We are pleased to present a special issue of Data Science and Engineering (DSE), which contains a collection of four extended papers from the APWeb-WAIM 2019 conference. Besides these four special issue papers, this DSE issue also has one survey paper and one regular research paper.

APWeb-WAIM conferences focus on research, development, and applications in relation to Web information management, including a wide range of topics, such as text analysis, graph data processing, social networks, recommender systems, information retrieval, data streams, knowledge graph, data mining and application, query processing, machine learning, database and Web applications, big data, and blockchain. APWeb-WAIM 2019 was held in Chengdu during August 1–3, 2019, and attracted a total of 180 research paper submissions. The conference program committee selected 42 full research papers, 17 short papers, and 6 demonstration papers to be presented at the conference and published in the conference proceedings [1, 2]. The conference program also included keynote presentations by Prof. Divesh Srivastava (AT&T Labs-Research, USA), Prof. Xindong Wu (Mininglamp Technology, China), Prof. Christian S. Jensen (Aalborg University, Denmark), and Prof. Guoliang Li (Tsinghua University, China).

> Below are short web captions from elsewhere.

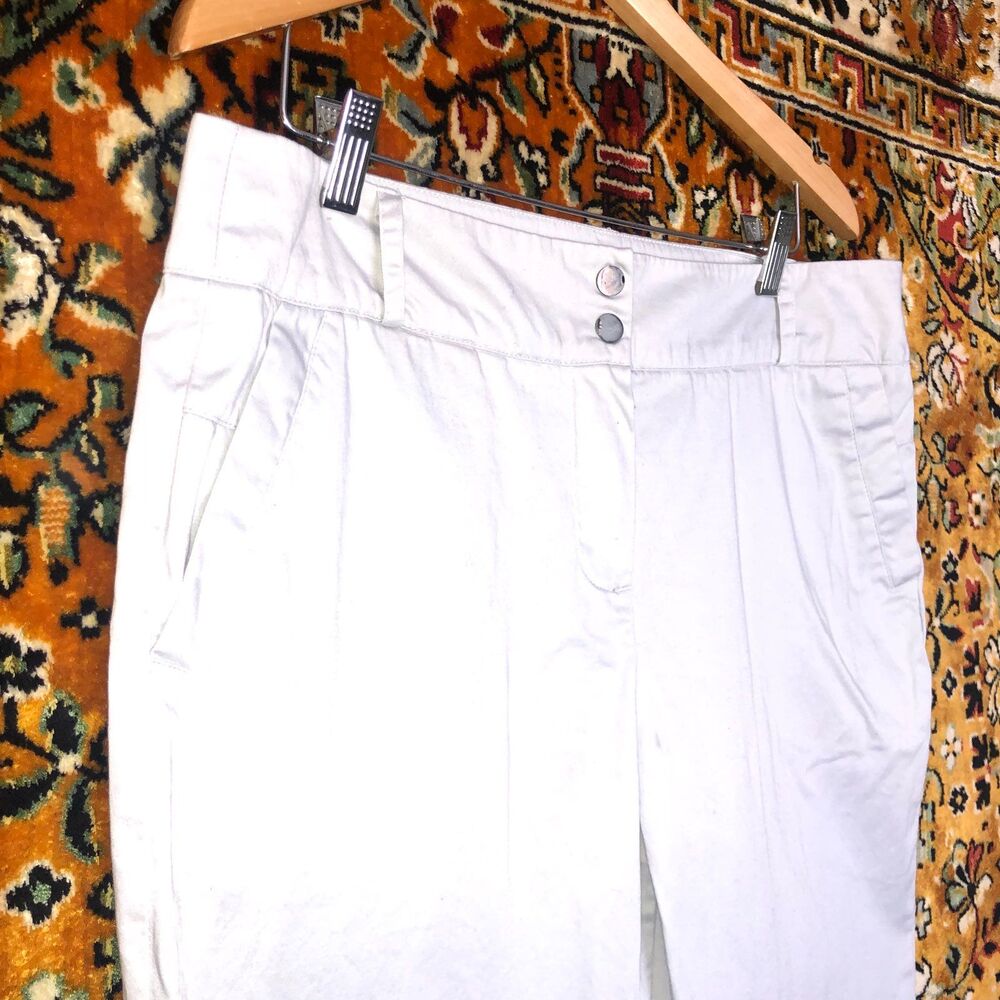 Sandro Sportswear Light Grey Capri Pants sz 14 Cotton Slim Fit Cropped Trousers - Picture 2 of 7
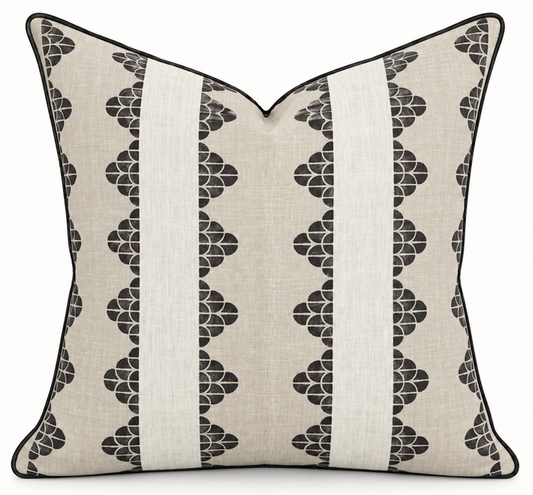 Ready to Ship, 22x22 Dhara Stripe Pillow Cover in Black
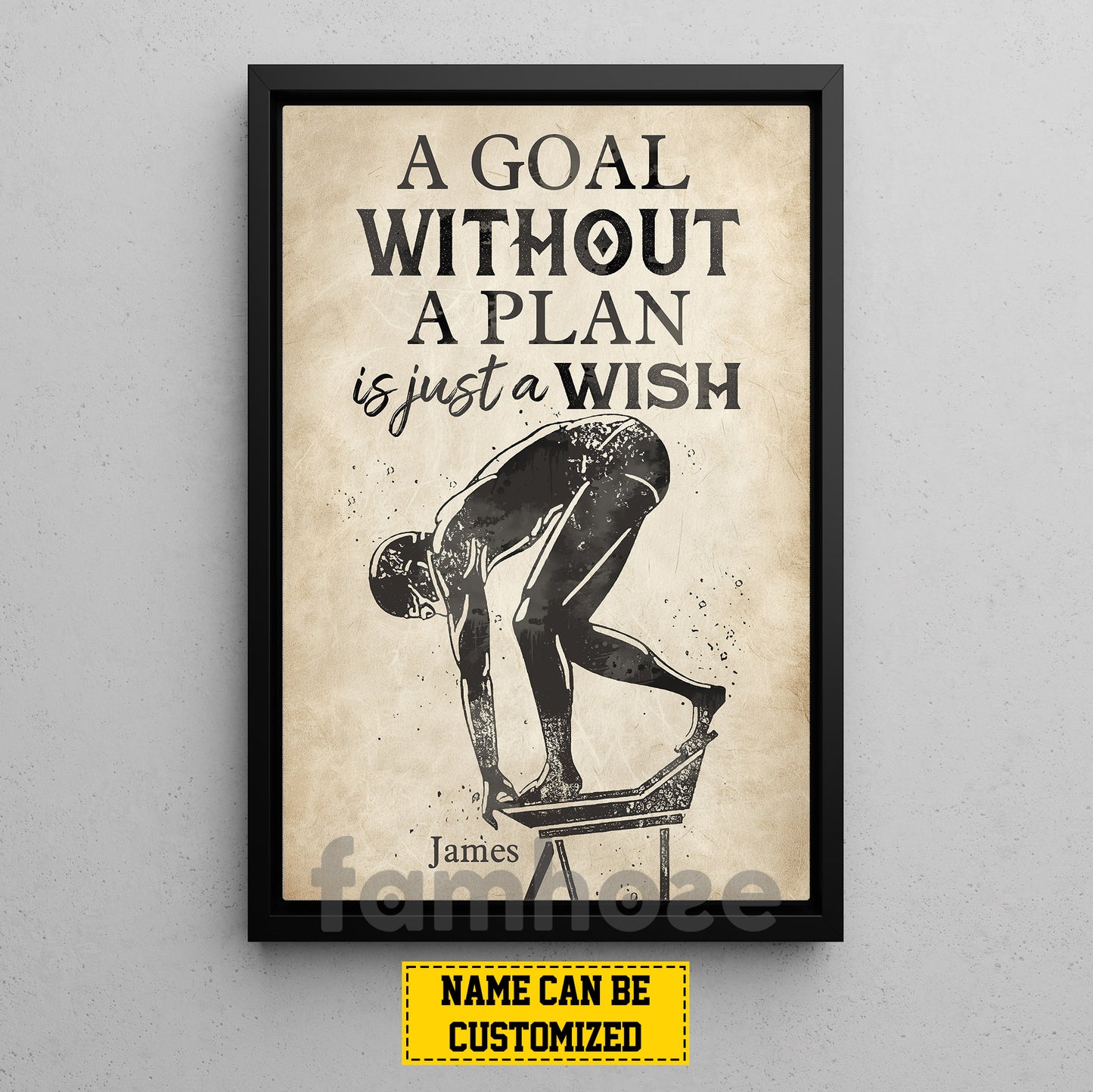 Motivational Personalized Swimming Canvas Painting, A Goal Without A Plan Is Just A Wish Sport Wall Art Decor, Poster Gift For Swimming Lovers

The four extended papers for this special issue were selected from among all the accepted papers by the special issue guest editors Dongxiang Zhang, Wei Wang, Bin Cui, and Heng Tao Shen, based on the relevance to the journal and the reviews of the conference version of the papers. The authors were asked to revise the conference paper for journal publication and in accordance with customary practice of adding 30% new materials. The revised papers again went through the review process in accordance with DSE guidelines and are finally presented to the readers in the present form.

The four extended papers in this special issue cover a variety of topics related to data science and engineering. In the first paper, “FreshJoin: An Efficient and Adaptive Algorithm for Set Containment Join,” authors revisit the set containment join (SCJ) problem and propose a new adaptive parameter-free in-memory algorithm to significantly reduce space overhead without harming the query execution time. The second paper, “Which Category Is Better: Benchmarking Relational and Graph Database Management Systems,” presents an experimental study on benchmarking relational and graph database management systems to exploit their preferable queries. In the third paper, “Leveraging Domain Context for Question Answering over Knowledge Graph,” authors leverage additional context information for questions and candidate answers and design a cross-attention mechanism to improve performance. Finally, in “Discovering Latent Threads in Entity Histories,” authors develop an effective approach to solve entity categorization based on historical similarity.

We hope that the readers enjoy this special issue. We would like to acknowledge the work done by all authors and their willingness to contribute their papers for this special issue. We thank all the reviewers for their expert comments and assistance in timely reviews. Finally, a note of thanks is to DSE editors X. Sean Wang and Elisa Bertino for their guidance and support in this process.

Dongxiang Zhang

Wei Wang

Bin Cui

Heng Tao Shen